2nd Director of ARC-WH
- Incumbent
- Assumed office June 2013

Personal details
- Born: 16 November 1943 (age 82) Tlemcen, French Algeria
- Education: Université d’Aix-en-Provence

= Mounir Bouchenaki =

Algerian archaeologist

Mounir Bouchenaki (Arabic: منير بوشناقي; born 16 November 1943) is an Algerian archaeologist and incumbent Director of the Arab Regional Centre for World Heritage. He was Director-General of ICCROM from 2006 to 2011, UNESCO's Assistant Director General for Culture (2000-2006), Director of the World Heritage Centre (1998-2000), Director of UNESCO's Cultural Heritage Division (1990-2000). In January 2011, he was named honorary special adviser of UNESCO Director-General Irina Bokova and of ICCROM Director-General.

==Early years==
Mounir Bouchenaki was born on 16 November 1943 in Tlemcen in French Algeria to an Algerian family, of Bosniak origin. Having obtained at Alger University and obtained a Postgraduate Diploma in Ancient History, he went on to become Curator of the archaeological site and museum of Tipaza from 1966 to 1971, when he had carried out a major operation to safeguard a new archaeological ancient necropolis. Meanwhile, within the Algerian-Italian cooperation framework he had attended, in 1968, an internship at the University of Rome "Istituto del Vicino Oriente" and he had participated in archaeological excavations in Sardinia (summers 1968, 1969, 1970 and 1971).

From 1969 to 1973, with ICCROM's technical support, he worked on the conservation of a unique fresco dating from the 5th century BC, and a mosaic of the same period discovered and transferred to the Tipasa Museum. Paul-Albert Février, Henri-Irénée Marrou and Bishop Saxer of the Pontifical Institute had visited the excavation and provided technical advice and supervision of fieldwork.

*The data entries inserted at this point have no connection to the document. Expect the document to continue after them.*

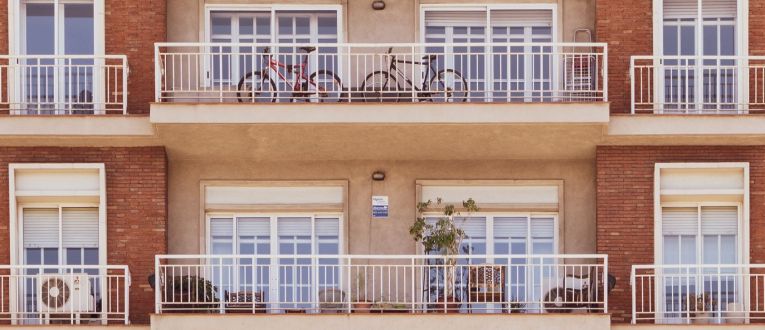 Bloc d'habitatges. © Christian David Duarte / Pexels Bloc d'habitatges. © Christian David Duarte / Pexels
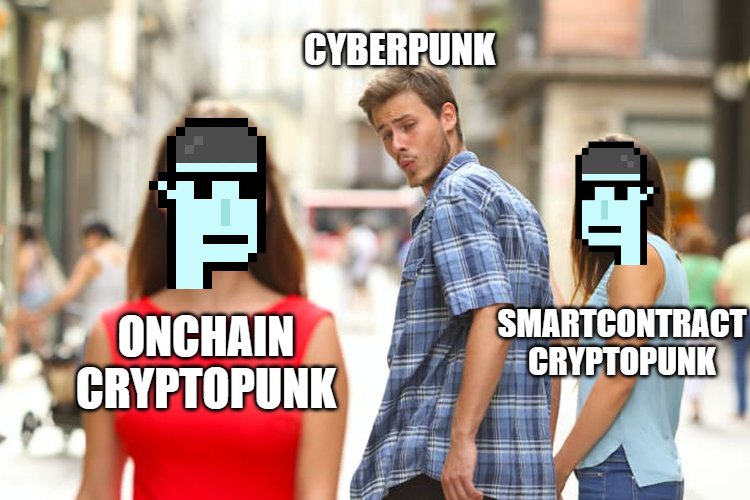 Crypto_Domainer's tweet photo. @MaxiOfNone @ittybits_eth Few are preparing for this day. The day of #NFTs are mostly over. The day of #DigtalAssets that are #onchain is here. https://t.co/zxWkLsK88e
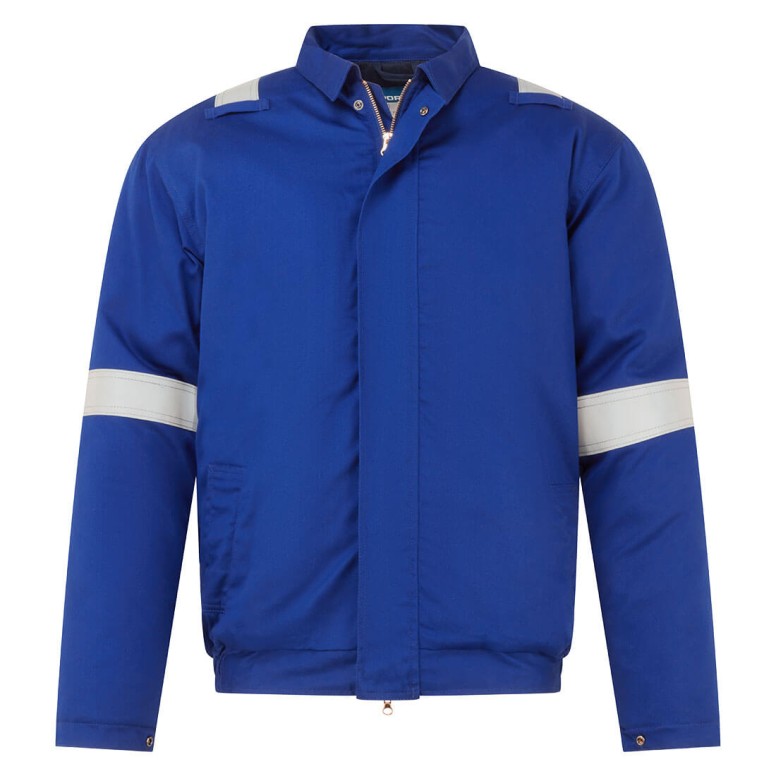 Veste de Travail Portwest FR731 Bomber Isolée...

He was appointed Director of the Antiquities Service from 1972 to 1974. As Chief Curator of Algerian museums and archaeological sites, he had started with his colleagues a series of archaeological excavations with the support of foreign archaeological missions (Italy, Germany and Great Britain) and he had supervised development projects for establishing Cherchel and Chetif museums.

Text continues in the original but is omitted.